また、表現に「対立」を含ませて印象に残りやすくする方法もあります。
対立にはさまざまな方法がありますが、以下の記事も参考にしてみてください。



どんな立場のデザイナーにも使える方法

いつもの仕事に是非クリエイティブ・ディレクションを取り入れてみましょう!

クリエイティブ・ディレクションは、大きな仕事をしている大手代理店の社員や超一流のデザイナーだけが必要な能力ではありません。
多くのデザイナーさんが身近な仕事に使える方法です。

それから、すごくざっくり簡単に紹介しています。
クリエイティブ・ディレクションをやってみたい!なんて思った方は、是非『すべての仕事はクリエイティブディレクションである』を読んでみてください。

今回紹介したクリエイティブ・ディレクションの方法論はこの本の前半の一部分。
沢山の実例をもとに充実の内容が分かりやすく書いてあります。

後半で紹介されている実績の話では「九州新幹線のコミュニケーション」について書かれているページがあります。2011年3月の震災のころ、このCMをyoutubeで見て少し勇気をもらったのを覚えています。デザイン・広告系の本なのに感動しました。
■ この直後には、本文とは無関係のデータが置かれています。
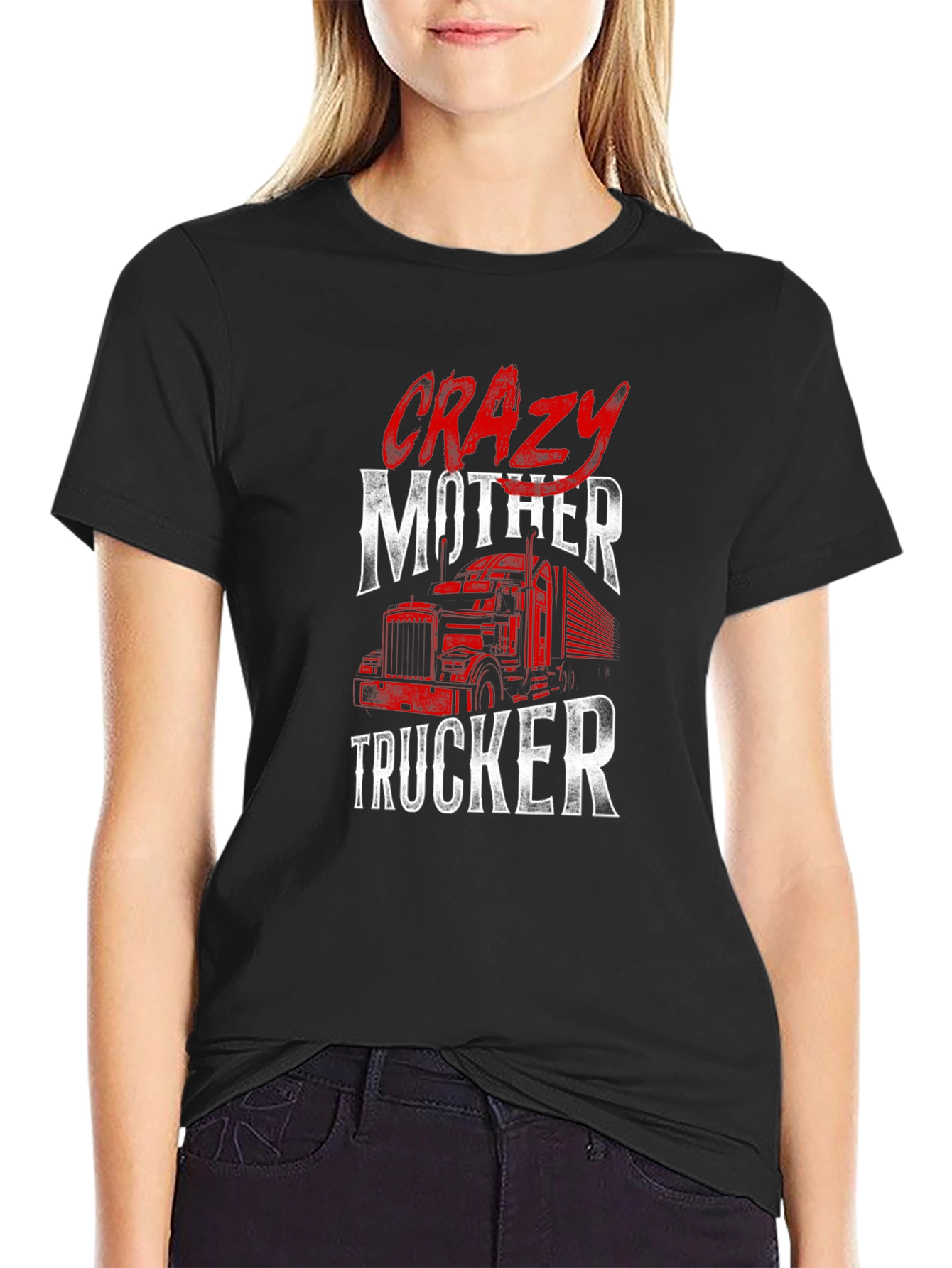 Black Crazy Mother Trucker Graphic Tee view 2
デザイナーさんには是非読んでもらいたい一冊です。クリエイターなら間違いなくテンションが上がる一冊だと思います。

私は今回紹介した方法を用いて、デザインコンペに勝ちました。
偶然かもしれないし、クライアントや案件によっては異なるアプローチの方が有効な場合もあるとは思いますが、オススメの方法です。

紙の本で一冊購入しましたが、どうやら電子書籍化されたみたいですね。いつでも読めるようにKindle版でもう一冊買おうかな…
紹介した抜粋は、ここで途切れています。